Along with the influx of sunlight and plant power, spring requires resources from the human body to adapt to the increased dynamics of life. In the modern society exactly this resource is often not available and then we witness the so-called "spring fever". But nature itself again gives natural medicine in the form of fresh food - both cultivated and wild. Let's look at a few such "masterpieces" ...
1. Nettle. Particularly rich in protein ingredients, antioxidants, carotene and different minerals (potassium, calcium, magnesium, iron, etc.). Raises the overall tone and immunity of the body, heals anemic people and those with joint problems, stimulates milk secretion in breastfeeding. It can also be eaten raw in small quantities, carefully frayed or ground, along with other vegetables and oil nuts; its cooking also admits combination with seasonal foods, grains and beans. Now is a good time to stockpile up with seedlings, making them dry and then for a whole year to add them to spices, soups and porridge!

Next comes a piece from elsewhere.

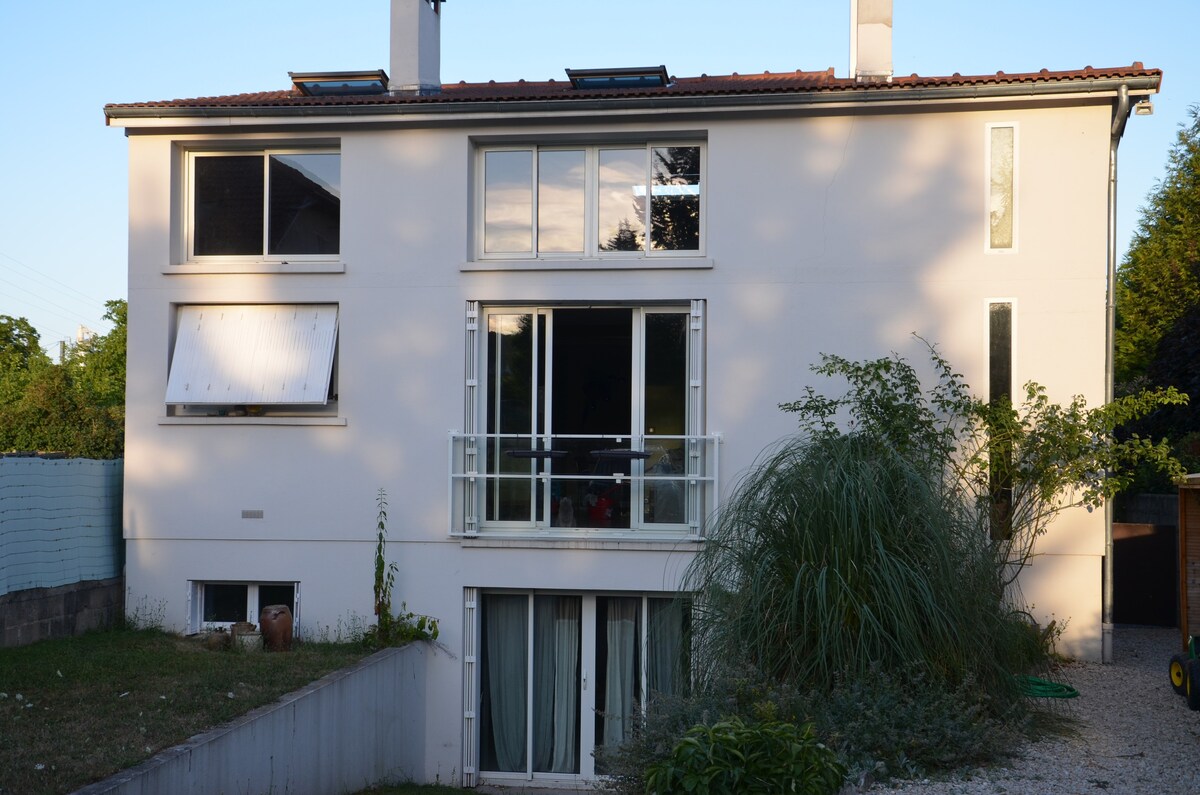 Bourgogne. Villa avec piscine chauffée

2. Dandelion. Its flowers are delicious and very useful – they contain amino acids, vitamins, minerals and the valuable "phytochemical" lutein, which protects the cardiovascular system, blood cells and eyes from damage. In this season dandelions can replace the floral pollen if you eat a dozen per day. Can be added to salad or other dish. The leaves are more bitter, but they go well with plenty of other spring vegetables. The leaves of the dandelion tend to purify the liver and gall bladder, improve metabolism, including during obesity and diabetes. And last but not least, they are a source of bioelements such as calcium, magnesium and zinc being , which are involved in many important processes in the body, including nerve processes, blood circulation and development of bones, joints and teeth.

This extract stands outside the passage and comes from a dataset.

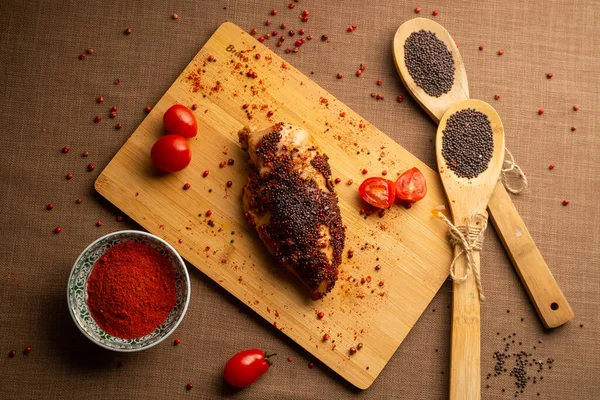 Baharatlı tavuk göğsü.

3. Lettuce. It contains less vitamins, micronutrients and antioxidants than most of its wild "competitors", but this is offset by the large quantities we can consume of it. Also we can not help but mention its superior taste, which is very good basis of most spring salads. Lettuce refreshes and soothes at the same time (even Avicenna recommended it for insomnia) helps bile secretion, the function of red platelets (thrombocytes), thanks to the content of vitamin K and also improves vision. If you can not tolerate its relatively coarse cellulose, consume it under the form of juice with other vegetables such as carrots and beetroot.

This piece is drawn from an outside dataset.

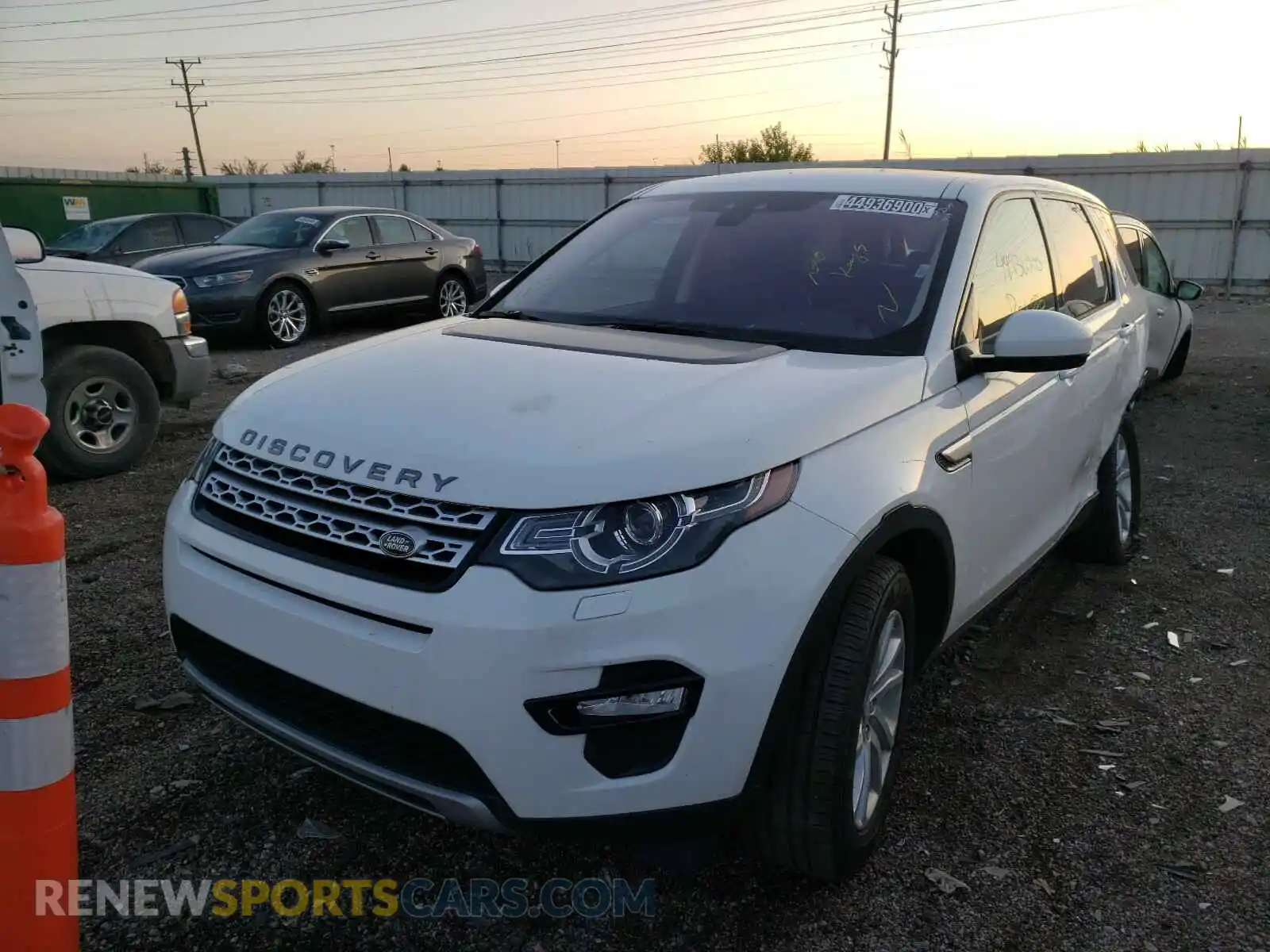 2 Photograph of a damaged car SALCR2FX6KH802665 LAND ROVER DISCOVERY 2019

4. Arugula. Undeservedly overlooked, but increasingly popular, this "princess" of transitional seasons is irreplaceable, slightly spicy addition to salads. Arugula can be added to other dishes, but it is not desirable to boil it, because then its beneficial properties are greatly reduced. Like other products of brassica family, but stronger than them, it protects the body from poisons - whether passed from the outside or generated by the body (e.g., degradation products of estrogens, which are associated with tumor predispositions). This happens due to the so-called glucosinolates, which also lower thyroid function, which is very useful for those suffering from hyperthyroidism or other similar condition but should be considered as a limitation of quantities in the case of problems with decreased secretion of thyroid hormones.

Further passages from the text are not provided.